Cette question rassemble désarmement, non-prolifération et lutte contre le terrorisme, a affirmé le chef de la diplomatie russe devant la Conférence. Malgré plusieurs décisions internationales sur les armes biologiques, chimiques ou nucléaires, «nous sommes encore confrontés à des lacunes significatives liées en particulier à l'utilisation de produits chimiques pour des objectifs terroristes».

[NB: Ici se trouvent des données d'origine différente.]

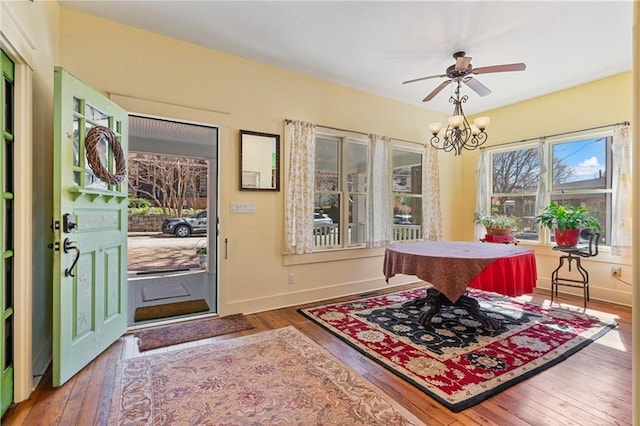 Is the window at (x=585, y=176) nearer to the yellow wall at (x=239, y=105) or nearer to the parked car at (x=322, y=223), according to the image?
the yellow wall at (x=239, y=105)

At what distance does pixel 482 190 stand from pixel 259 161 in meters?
3.78

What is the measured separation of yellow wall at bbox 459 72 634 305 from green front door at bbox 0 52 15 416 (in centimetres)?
575

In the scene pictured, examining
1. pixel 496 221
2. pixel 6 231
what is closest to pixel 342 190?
pixel 496 221

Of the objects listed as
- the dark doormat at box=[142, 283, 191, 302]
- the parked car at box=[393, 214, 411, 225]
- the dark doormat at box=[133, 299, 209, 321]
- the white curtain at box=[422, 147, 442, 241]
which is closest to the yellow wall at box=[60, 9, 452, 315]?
the dark doormat at box=[133, 299, 209, 321]

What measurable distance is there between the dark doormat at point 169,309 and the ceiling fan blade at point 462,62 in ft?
12.1

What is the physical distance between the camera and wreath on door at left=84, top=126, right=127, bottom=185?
2.25 meters

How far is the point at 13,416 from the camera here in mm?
1708

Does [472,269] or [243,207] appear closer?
[472,269]

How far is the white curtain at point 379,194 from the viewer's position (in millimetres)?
4348

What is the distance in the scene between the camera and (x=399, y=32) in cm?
291

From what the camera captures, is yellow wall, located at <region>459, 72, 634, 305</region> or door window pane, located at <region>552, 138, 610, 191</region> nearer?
yellow wall, located at <region>459, 72, 634, 305</region>

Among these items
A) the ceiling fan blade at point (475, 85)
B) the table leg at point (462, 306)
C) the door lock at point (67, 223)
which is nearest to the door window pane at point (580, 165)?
the ceiling fan blade at point (475, 85)

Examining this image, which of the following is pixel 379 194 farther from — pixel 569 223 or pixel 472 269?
pixel 569 223

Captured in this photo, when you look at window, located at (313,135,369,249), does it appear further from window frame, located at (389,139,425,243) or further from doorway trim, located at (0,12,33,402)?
doorway trim, located at (0,12,33,402)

La menace devient «extrêmement urgente» avec les révélations de l'utilisation de telles armes par «l'Etat islamique et d'autres groupes terroristes en Syrie et en Irak», a souligné Sergueï Lavrov. La menace augmente aussi en Libye et au Yémen.

Ces utilisations par des acteurs non-étatiques se répandent et risquent de s'étendre «bien au-delà de la région», selon le ministre russe. Notamment parce que les groupes terroristes ont accès aux technologies et recourent aujourd'hui à des spécialistes.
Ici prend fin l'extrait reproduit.